Aarg!

I’m a sentence away from postal — from chucking my computer at the wall and stomping on it until its guts are embedded in the soles of my feet. I want to set it on fire and breathe in the toxic fumes until my brain goes all fuzzy. And — when I recover — I want to pummel the charred corpse of my computer with a really big stick and throw whatever’s left in the blender and then the microwave, because nothing drives me battier than the troll in the blank page — the invisible bitch who screams in my face “you have nothing of value to fill in the void.”

I often feel like Sesame Street’s Don Music, who slammed his head against the piano and sobbed hysterically over any little mistake or unforeseen challenge.

My writing self is a bipolar monster with claws and fangs. She swears a lot and shouts out nonsensical words like “gr-gr-gr-gr-gr-gr-gr-gr” and “aarg” like maybe she’s eating a pirate. She nags me on the bus with the what-are-you-going-to-write-abouts and points to the wall-sized clock in my brain that instead of time tracks every story I’ve failed to put down on paper.

I hate her.

She assaults me in my office — drags me kicking and screaming outside where I pace around a concrete planter in the middle of a busy courtyard unaware that I’m talking to myself until somebody breaks my concentration with a forced cough or a nervous glance that begs “Please don’t shoot me, lady.”
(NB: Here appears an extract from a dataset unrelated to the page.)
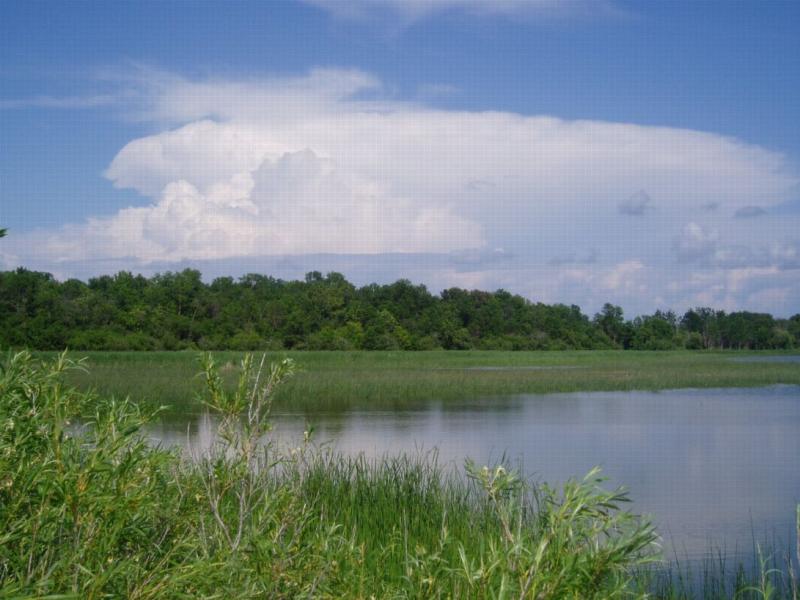 July 16, 2004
My thumb and pinky finger see-saw from spacebar to backspace, while I wrack my brain for a topic worth covering. And nothing — spare the angry gestures and swearing — ever comes.

The Unconscious Takes Over

The unconscious mind takes the germ of an idea and develops it, but usually this happens only when a writer has tried hard, and logically, to develop it himself. After he has given it up for a few hours, getting nowhere, a great advancement of the plot will pop into his head. I have been waked up in the night sometimes by a plot advancement or a solution of a problem that I had not even been dreaming about.”